Background
Kristen Boyle, PhD, received her BS from University of Massachusetts in Amherst, her MS from Ohio University and her PhD from East Carolina University.
Research + Funding
In 2013, Dr. Boyle received the Building Interdisciplinary Research Careers in Women's Health (BIRCWH) scholarship from the Ludeman Center through the Eunice Kennedy Shriver National Institute of Child Health and Human Development and by the National Institute of Diabetes and Digestive and Kidney Diseases. The project was titled, “Maternal Programming of Fetal Stem Cells,” and focused on how obesity during pregnancy impacts risk for obesity and type 2 diabetes in the child. Her research team developed a novel model for studying how fetal exposures during gestation impact predisposition for metabolic disease in humans. They tested mesenchymal stem cells (MSCs) collected from umbilical cord tissue of human infants after birth, which were used to deeply interrogate metabolism and molecular factors that can change metabolism in the infants’ cells.

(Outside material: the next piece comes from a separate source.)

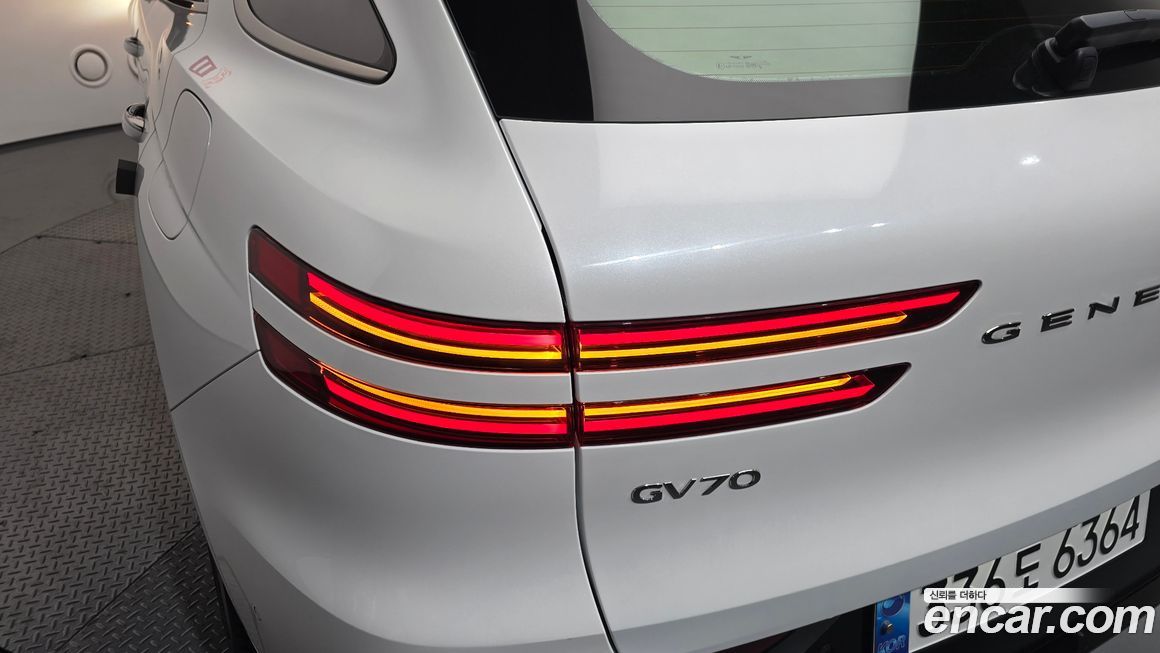 Genesis GV70 2025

“While the financial support and training opportunities have been very helpful to me, the less tangible support provided by Judy Regensteiner, PhD, and Jane Reusch, MD, over the years in the form of advocacy and confidence building, has been invaluable.”—Dr. Boyle.
Transforming Women’s Health
Dr. Boyle’s overarching goal is to identify and implement the best care for mother and child. With her success in developing the proposed infant MSC model during her Ludeman Center-funded research, she was able to receive funding by a KO1 award and several RO1s.
Her group is currently funded by the National Institutes of Health to collect infant MSCs in two separate cohorts investigating the effects of maternal stress and social disadvantage on infant outcomes in collaboration with investigators at University of California, Irvine. They are on their way to establishing infant MSCs as a robust, precise, predictive and mechanistic tool for investigating developmental predisposition for obesity and metabolic disease in human infants.